J.13.6 TCP/IP and SFT-III configuration

In order to run TCP/IP on a SFT-III server you will have to set up a separate sub-net for your MS_Engine. The IO_Engines must be configured to act as a router. The MS_Engine will act as an end node. Note that both IO_Engines communicate with THE SAME IP address.

		TCP/IP Configuration Example

	      +-------------------------------+
	      |  Mirrored Server - MS Engine  |
	      |     193.67.129.200            |
	      +-------------------------------+
				|
				|
				|            Virtual LAN
	----------------------------------------------
				|
	   (IO Engine-MS Engine | Internal Interface)

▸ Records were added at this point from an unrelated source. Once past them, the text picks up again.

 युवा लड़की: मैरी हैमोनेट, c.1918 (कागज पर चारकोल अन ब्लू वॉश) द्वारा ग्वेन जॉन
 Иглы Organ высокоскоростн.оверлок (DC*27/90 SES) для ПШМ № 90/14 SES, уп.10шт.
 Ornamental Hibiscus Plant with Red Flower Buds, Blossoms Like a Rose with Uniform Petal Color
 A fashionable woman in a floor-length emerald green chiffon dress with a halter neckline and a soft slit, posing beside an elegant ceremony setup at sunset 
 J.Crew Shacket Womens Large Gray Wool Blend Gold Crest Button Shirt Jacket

	      |------------193.67.129.201-----------|
     +-----------------+                 +-----------------+
     |  IO Engine 1    |                 | IO Engine 2     |
     |  193.67.129.131 |                 | 193.67.129.132  |
     +-----------------+                 +-----------------+
	      |                                   |
	      |             Real Network          |
	------------------------------------------------

J.13.7 SFT-III Engines swapping

It is not normal for a SFT-III server to regularly switch primary and secondary engines. If this happens try looking at the file io$log.err in the system directly. It records the problems if the primary engine and the secondary engine swap. Perhaps there is a hint in there. Look carefully to what happened just before the switch over. If that doesn't help you could try running conlog.nlm. Conlog can be loaded in all three engines and with the option FILE=SYS:\SYSTEM\MSLOG.TXT (etc.) you can specify a different output file for each engine. If the switchover happens again you can have a look at the outputfile(s) to see if something strange happened.

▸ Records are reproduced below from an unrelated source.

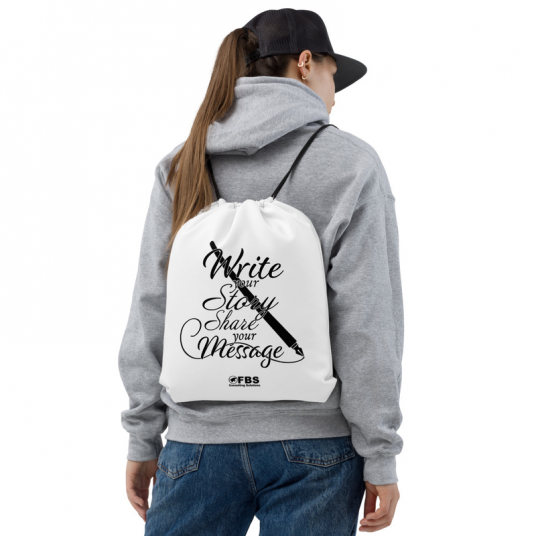 Write Your Story Share your Message Drawstring bag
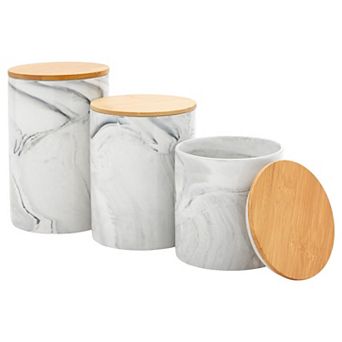 Set Of 3 Marble Ceramic Kitchen Canisters With Wooden Bamboo Lids (3 Sizes)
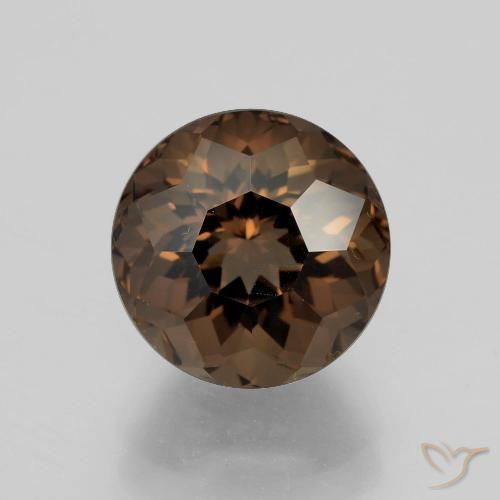 4.53ct Natürlicher dunkelbraun Rauchquarz, Runden, VVS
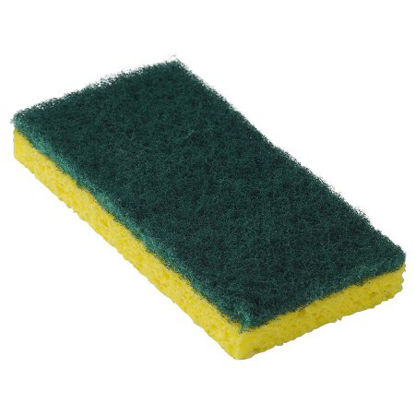 Picture of Scouring Sponge / Pad Medium Duty Yellow / Green NonSterile Cellulose 3-1/8 X 6-1/4 Inch Reusable551011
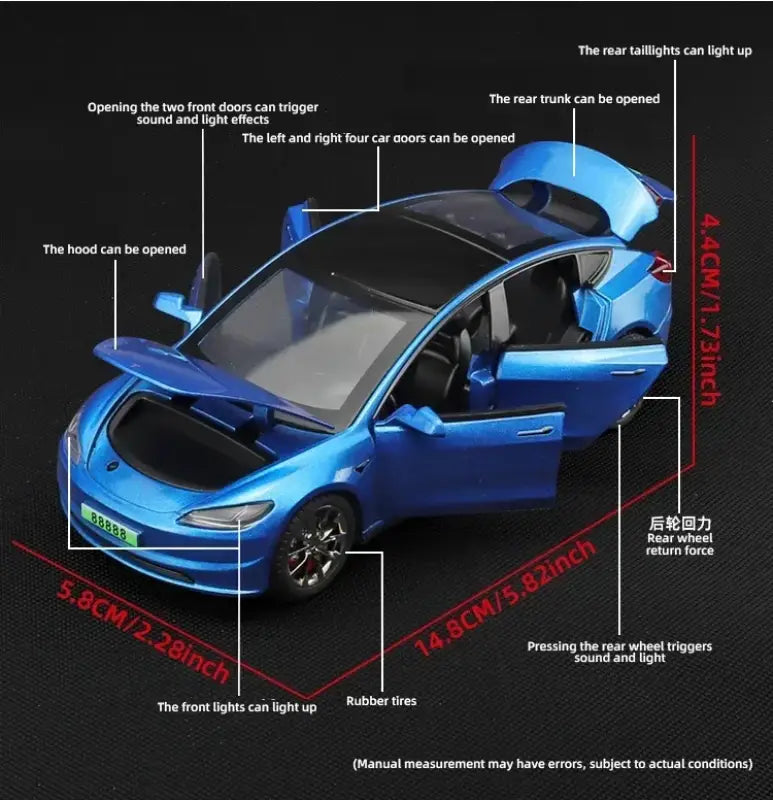 Tesla Model 3 2024 1:32 – Metalowy Model Samochodu z Dźwiękiem i Światłem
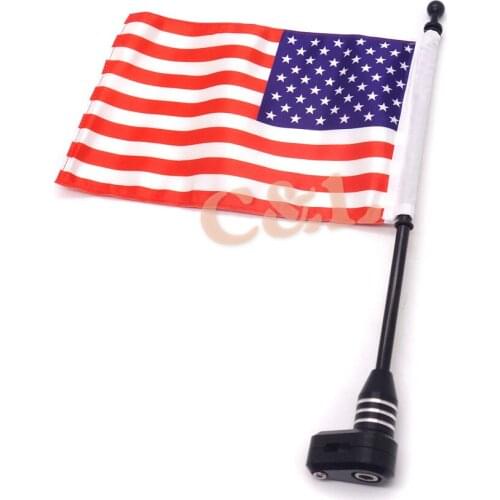 Black Motorcycle Flag Pole Luggage Rack Vertical American Fits For 2001-2011 Honda GoldWing GL1800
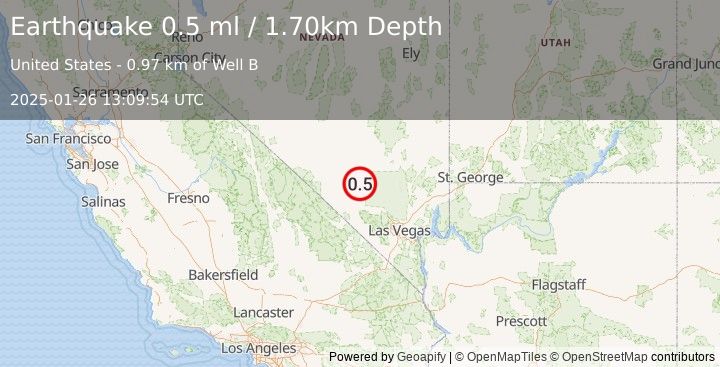 Earthquake 55 km NNW of Indian Springs, Nevada (0.5 ml) (2025-01-26 13:09:54 UTC)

J.13.8 MS_Engines produced a different output

MS_Engine produced different outputs is a very difficult problem to trouble shoot. It is of most importance to understand the way SFT-III is designed. SFT-III is designed as Hardware Fault Tolerant and has no added ability to protect itself from a software bug. However if you have a system which has this problem, only the secondary machine should be affected unless SET parameters are set to halt both machines.

SFT-III Architecture

SFT-III was designed so the "event queue" in each machine, primary and secondary, would receive and then process the same events independently. Every instruction that the processor executes comes from this event queue. i.e., if a request is generated for a file from the disk, the request is put on the event queue of the MS_Engine. An identical request is then sent, across the MSL, to the other machine and placed on the event queue of that machine. When the event has been processed, one last consistency check is made, comparing the results of the MS_Engine from each machine. Note here that there is only one MS_Engine that is presented to the user even though each machine has processed the request independent of each other. If the result of each machine is identical, the data is sent to the IO_Engine, packaged into packet form, and sent out the LAN channel. If the results are compared and are not the same, then you get the Abend: MS_Engine Produced Different Outputs.

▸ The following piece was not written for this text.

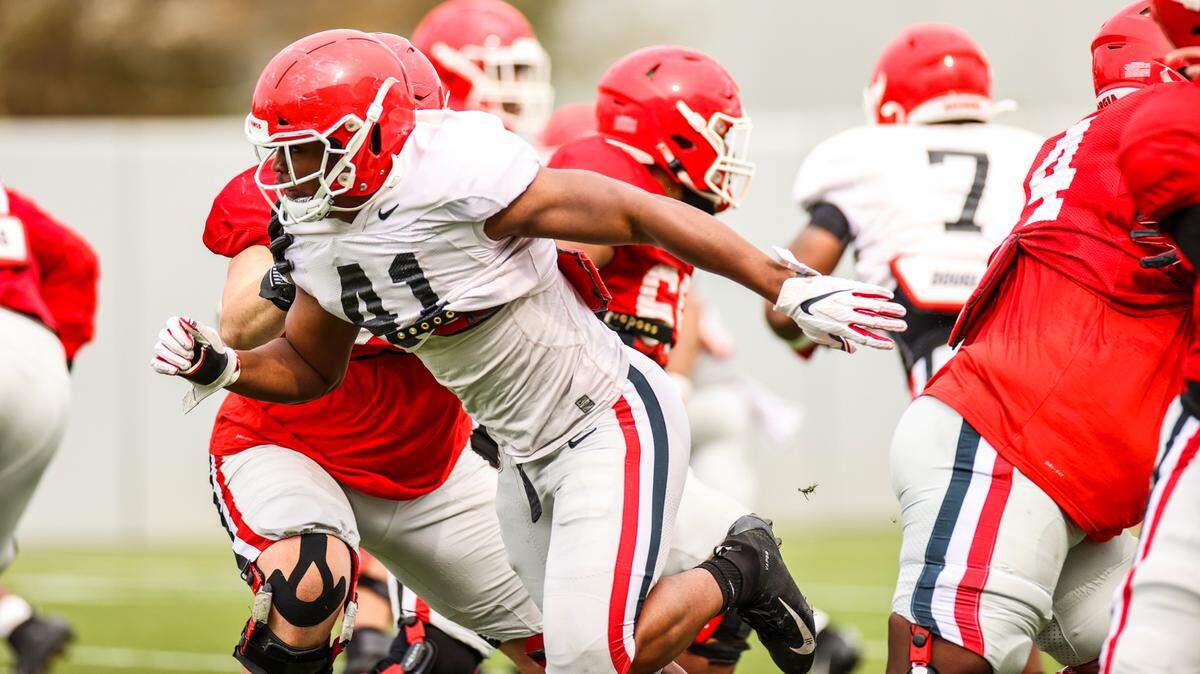 Georgia inside linebacker Channing Tindall (41) during the Bulldogs’ practice session in Athens, Ga., on March 23.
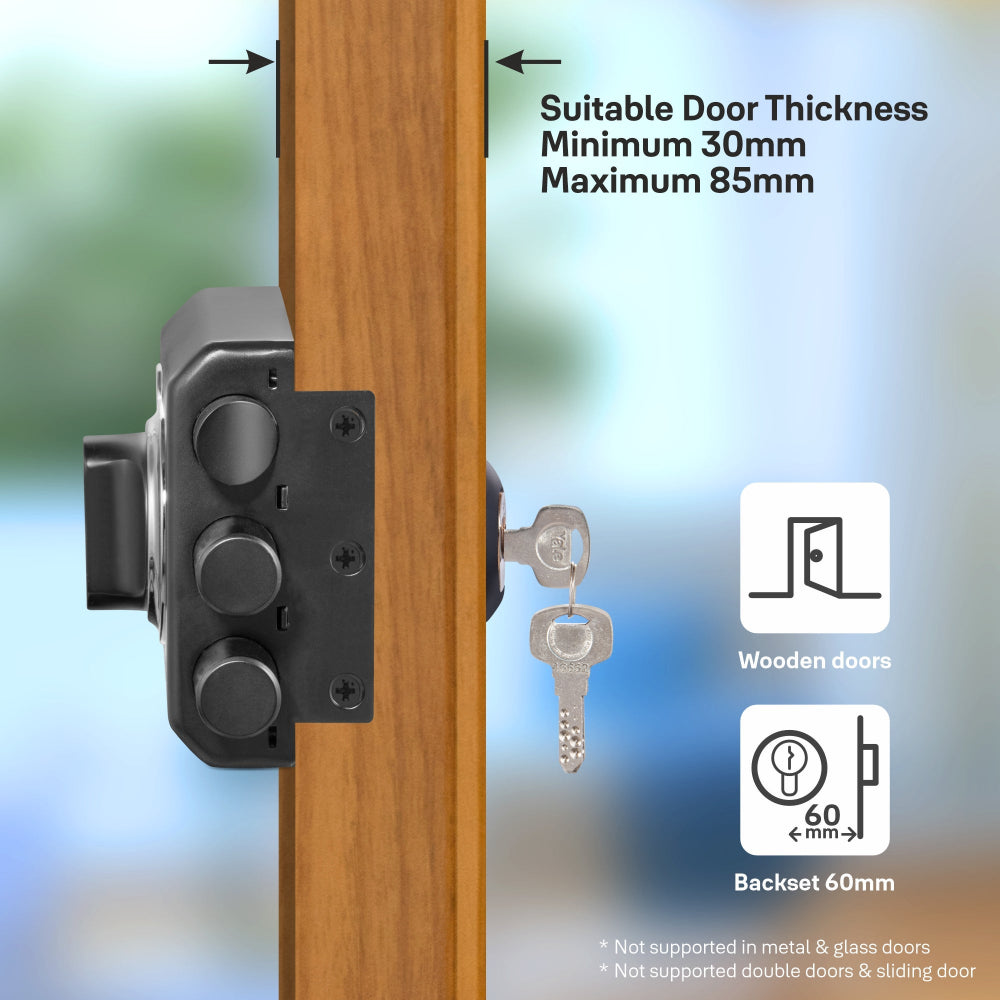 Yale Kratos RIM lock for main doors in black matt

Troubleshooting (according to Novell):

The most likely causes of the "Different Outputs" Abend is that, either one machine has traversed a slightly different code path compared to the other machine, or, that the NLM that is running has encountered a variable in the code that has not been initialised. The value of an uninitialized variable is completely random, and therefore increases the likelihood that the MS_Engines are going to produce different results.

The "Different Outputs" problem is NOT a hardware problem, and it is not an MSL, LAN, or DISK problem. Use the following questions and objectives to aid in identifying the NLM that is causing the Abend.

Questions

  - What modules are being loaded in the MS_Engine ?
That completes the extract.